How do I choose the memory allocation for my job?

Memory resource allocation is a balancing act between two competing forces. The first force wants you to give your job as much memory as possible, because if it runs out of memory, it dies. The second force wants you to give your job as little memory as possible, because that makes it easier to schedule on a node with other jobs using memory. What you want to do is balance these forces so that your job has just as much memory as it needs, but no more.

Here is how you can achieve this balance:

  1. Run your job with a lot of memory.
  2. See how much memory was used.
  3. Run the rest of your jobs with just a little more memory than you found in Step 2.

Below we will go through these steps.

Run with a lot of memory.

Start by running some of your jobs with a lot of memory. What is “a lot of memory,” you ask? The documentation for the software package you are running might have some good suggestions for how much memory to run your jobs with. But, in the absence of that, try running a job with 32GB of memory (per core: if you have multiple CPUs, then multiply that number by 32GB to get your memory size). If your jobs dies from insufficient memory, then double that memory allotment; continue doubling the memory until the job runs.

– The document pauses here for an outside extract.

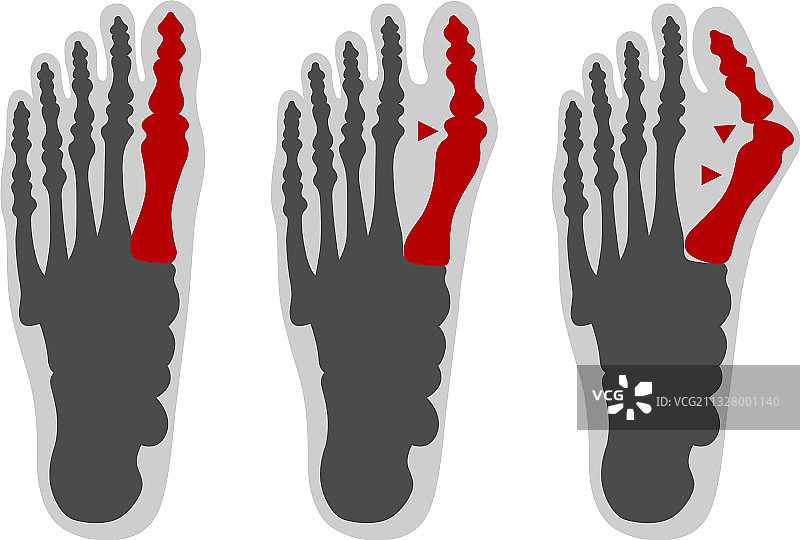 健康的脚和拇外翻畸形图片素材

If you can, try running a few jobs on different input datasets to account for any memory usage variability which comes from the inputs.

See how much memory was used.

Use the seff tool to see how much of the memory allotted to your job was used by your software. When you run this command with a job ID, it will show you the job resource statistics from that job:

seff [your-job-number]

Job ID: [your-job-number]
Cluster: scg
User/Group: bettingr/upg_bettingr
State: COMPLETED (exit code 0)
Nodes: 1
CPU Utilized: 08:04:12
CPU Efficiency: 98.22% of 08:13:00 core-walltime
Memory Utilized: 14.44 GB (estimated maximum)
Memory Efficiency: 45.13% of 32.00 GB (1.00 GB/core)

Look for the Memory Utilized and Memory Efficiency lines in the output. The first of these will tell you now much memory was used, and the second will tell you what percentage of what you gave it was used by your program. A good metric for the Memory Efficiency is to use about 85-95% of the memory given.

Run future jobs with a little more memory than was used.

Use the figures from the job runs from the step above to come up with a memory size figure for your future jobs. If you have run multiple jobs in this calibration experiment, use the largest of them for your amount. Once you have come up with a figure, give it about a 5-10% pad in case a future run dares to take more.

If the example above was from your job, you would see that the program used less than half of the 32GB allotment of data that it was given. Future runs could probably be done successfully with only 16GB of memory.

Once you have chosen a memory allotment and have started running the bulk of your jobs, you can continue to check the Memory Efficiency of some of them to see if their memory usages are running as expected.